Calculating accuracy on a test set

JohnyCZS · March 28, 2024, 12:03pm

Hello, I am aware that the question I’m asking has been answered here few times. But I haven’t been able to make sense of the answers or the list provided in these answers don’t work anymore.

I’m currently trying to calculate accuracy on my test set of tabular data. It is a single category classification with 4 possible outputs as a category.
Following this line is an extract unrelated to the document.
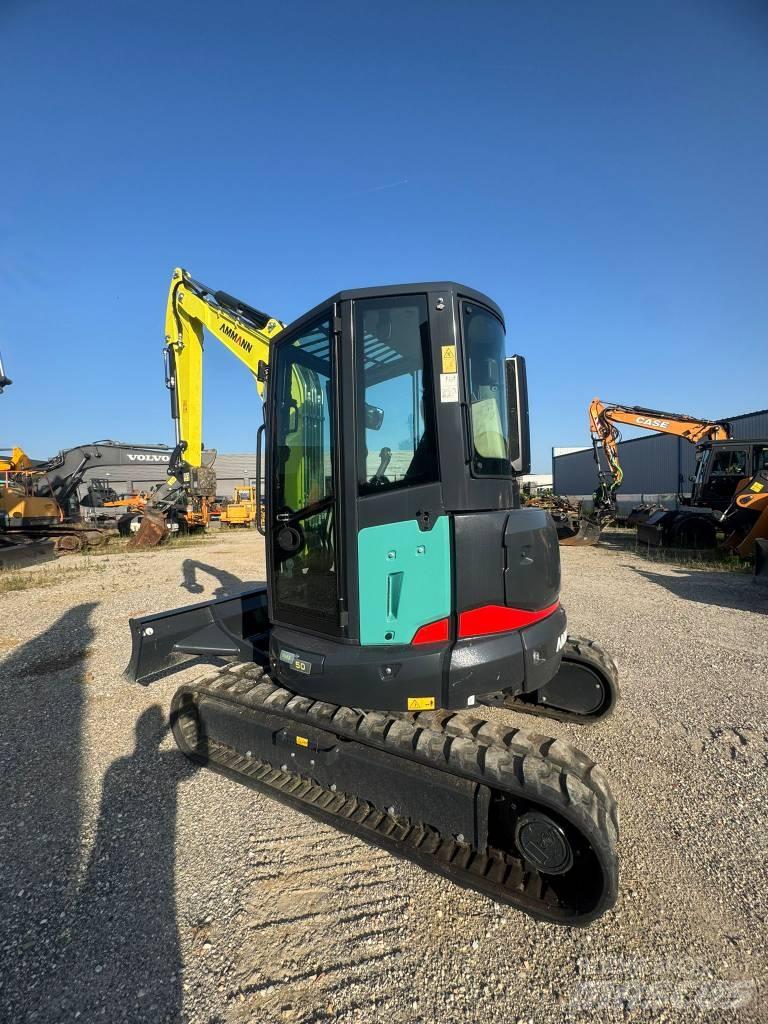 Ammann AMX 50 Minigravemaskiner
I have achieved 100% accuracy on my training set, but I’m very sceptical of this and I’m trying to calculate accuracy on my test set.

I will try to provide code snippets and would very much welcome any feedback on them.

df = pd.read_csv("TEST.csv")

here I get a dataFrame fro my CSV file.

train=df.sample(frac=0.8)
test_df=df.drop(train.index)

After that I split it into my training and test set.

splits = RandomSplitter(valid_pct=0.2)(range_of(train))

to = TabularPandas(df = train, 
                  procs = [Categorify, FillMissing],
                  cat_names = [x for x in df.columns.values if x != "target"],
                  y_names = "target",
                  y_block = CategoryBlock(),
                  splits = splits)

I then create splits and load them to TabularPandas, create my model, find learning rate and then:

learn.fit(3, 5e-3)

As I said accuracy goes up to 100% while both train and valid loss decrease in each epoch.
I then create a new DL from my test set
dl = learn.dls.test_dl(test_df)

learn.validate(dl=dl)
preds, y = learn.get_preds(dl=dl)
acc = accuracy(preds, y)

Where acc return: TensorBase(1.)

I have also ran

acc2 = learn.validate(dl = dl)

Where dl is the same as above
Which returns [0.004373230040073395,1.0]

Any help would be greatly welcome and would be a huge help.

vbakshi · April 23, 2024, 4:47am

Did you find an explanation that resolved this question for you? If not, can you share the CSV dataset? I can try to run the training in a colab/Kaggle notebook and see what result I get.